ASSIGNMENT:
The copy you return must match the listing word for word and carry no pictures.

COLLECTED MATERIAL:
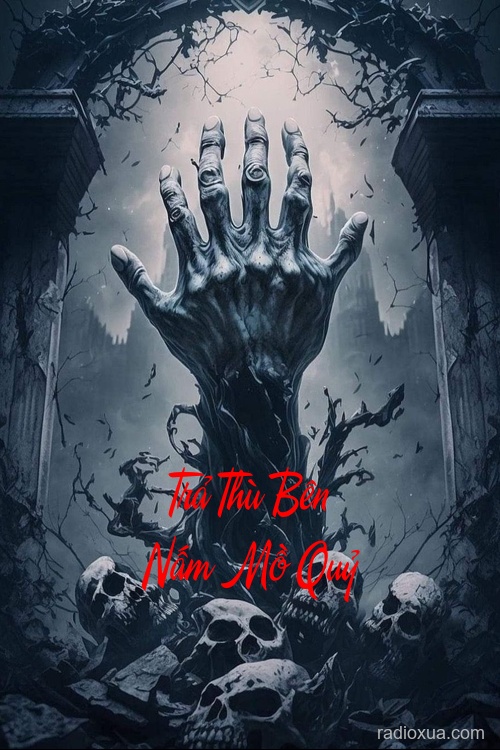 Trả Thù Bên Nấm Mồ Quỷ – Hận Thù Từ Địa Ngục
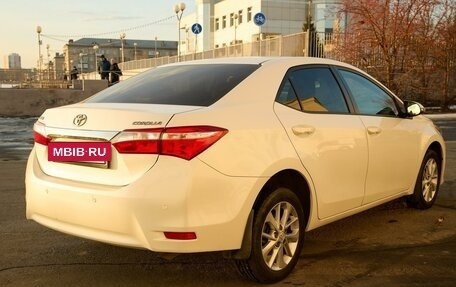 Toyota Corolla, 2014 год, 1 590 000 рублей, 10 фотография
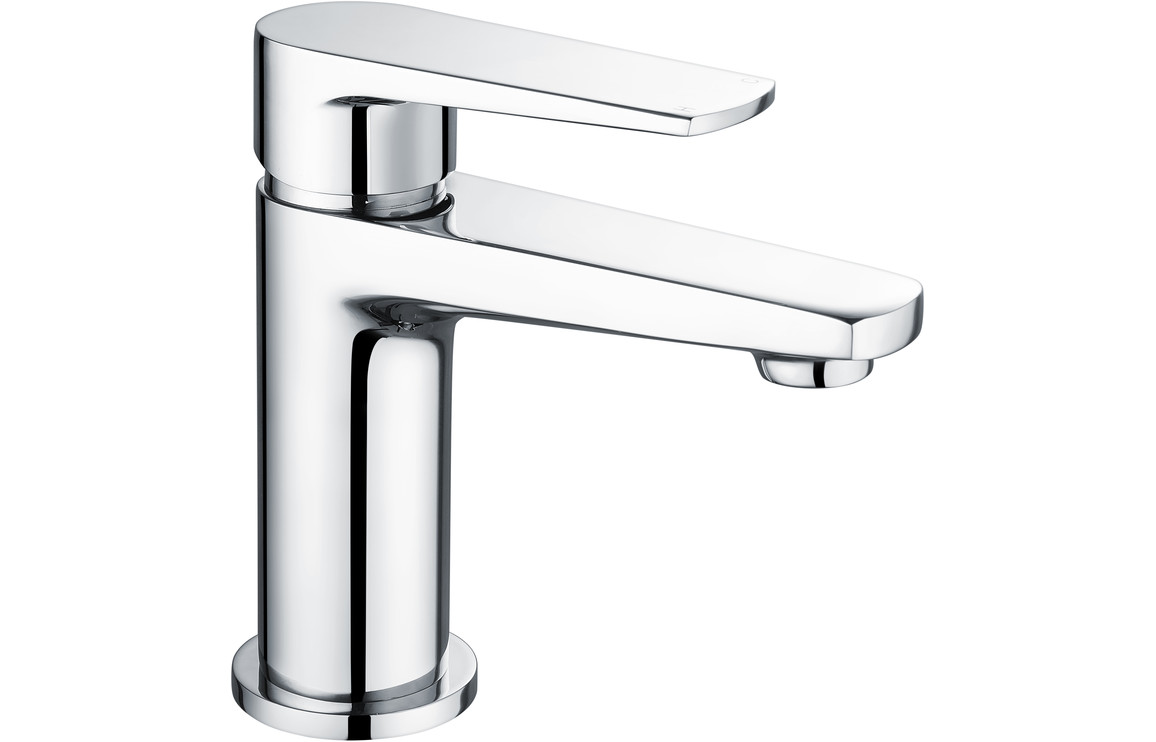 Afonso Basin Mixer - Chrome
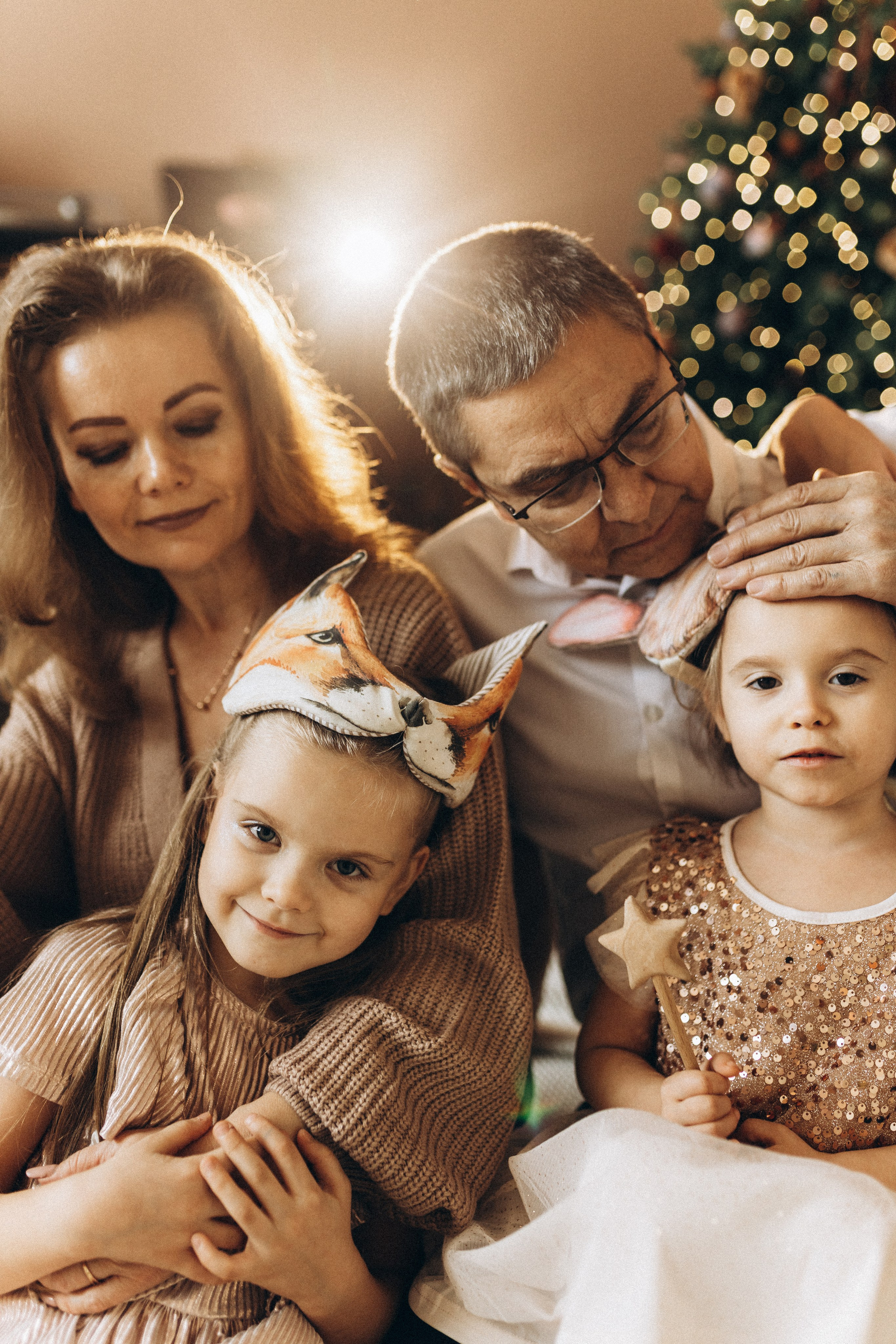 Андрей, Лариса, Егор, Тимур, Лера и Наташа. Семейный фотограф в Новороссийске и Анапе Александра Яковлева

OUTPUT FOR THIS TASK:
 Trả Thù Bên Nấm Mồ Quỷ – Hận Thù Từ Địa Ngục
 Toyota Corolla, 2014 год, 1 590 000 рублей, 10 фотография
 Afonso Basin Mixer - Chrome
 Андрей, Лариса, Егор, Тимур, Лера и Наташа. Семейный фотограф в Новороссийске и Анапе Александра Яковлева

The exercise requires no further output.